In a guest blog post for the American Mathematical Society, MƒA President John Ewing says “poppycock!” to those who push the notion that American education is in a crisis. While acknowledging that things are far from perfect, Ewing says there is little evidence to suggest we’re at a turning point and proclaiming “crisis” is not only wrong, but dangerous.
“Declaring a crisis ensures that education reform starts from a deficit model. Focus on everything that’s wrong. Fix what’s broken. Concentrate on the bottom. What should we do about failing schools? How do we get rid of ineffective teachers? Which subjects are weakest? This has been the underlying model for American education for the past few decades, and it does great harm.”
“A deficit model guarantees regression to the mean. Focus on the worst, ignore the best, and education drifts towards mediocrity. More importantly, it draws the public’s attention only to what’s wrong, so people see education through distorted lenses. All that’s wrong is brought into sharp focus; all that’s excellent is blurred. The people responsible for that excellence become demoralized and eventually give up.”
So why is it so hard to move away from this crisis mentality? Ewing theorizes that it's because nearly everyone in education benefits from the notion of a crisis… everyone, except teachers and students.

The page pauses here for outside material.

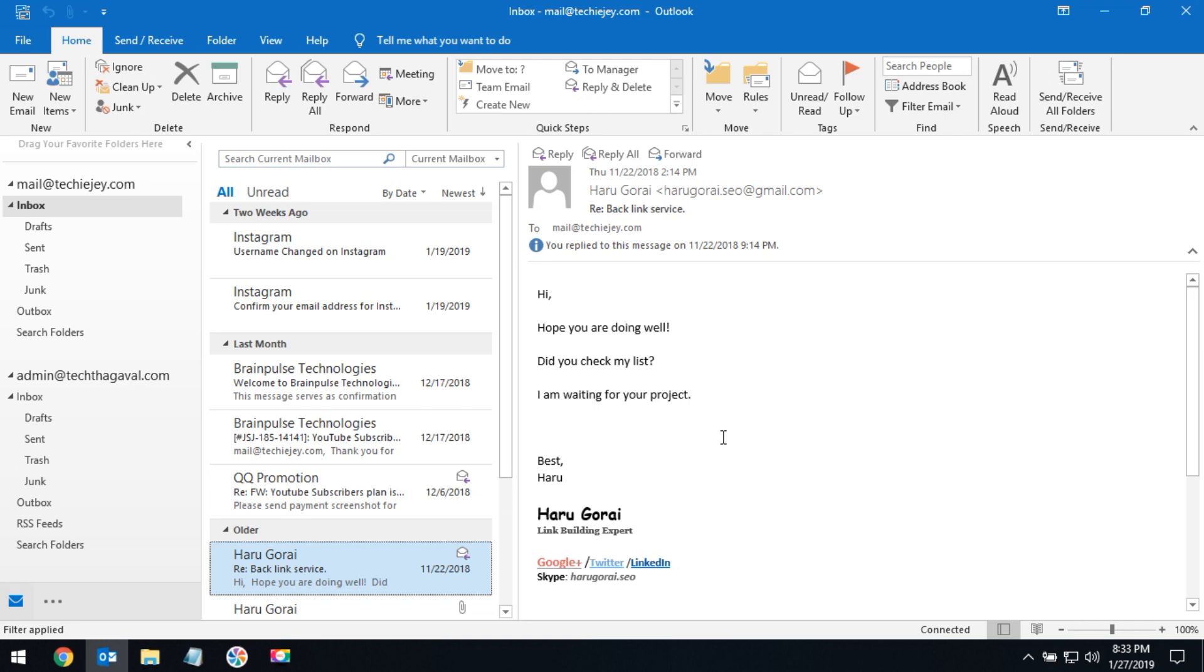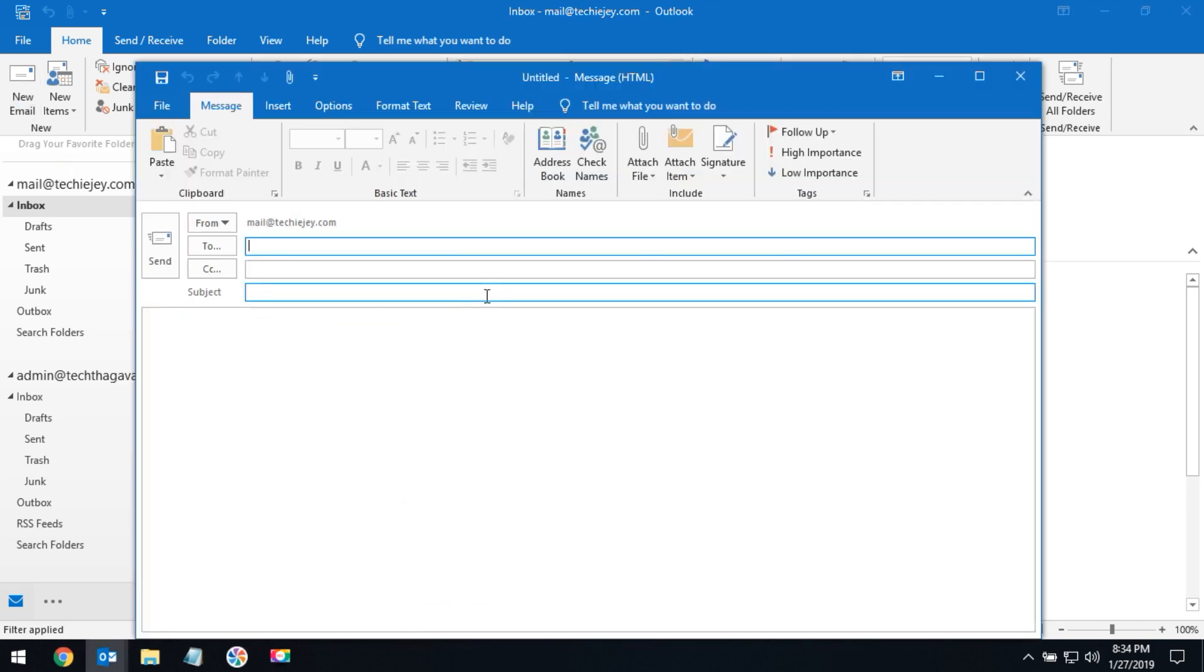Open your Outlook email client and click on new email. It will open a new window.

“For politicians, steady progress doesn’t capture the popular imagination—a crisis does, and when it involves voters’ children, it makes for good politics. For the media, especially the education media, a crisis generates readership and guarantees a livelihood. For education experts and researchers, a crisis makes their work critically important and worthy of support. For education providers a crisis sells products. Even for people who run education non-profits, a crisis helps to secure funding.”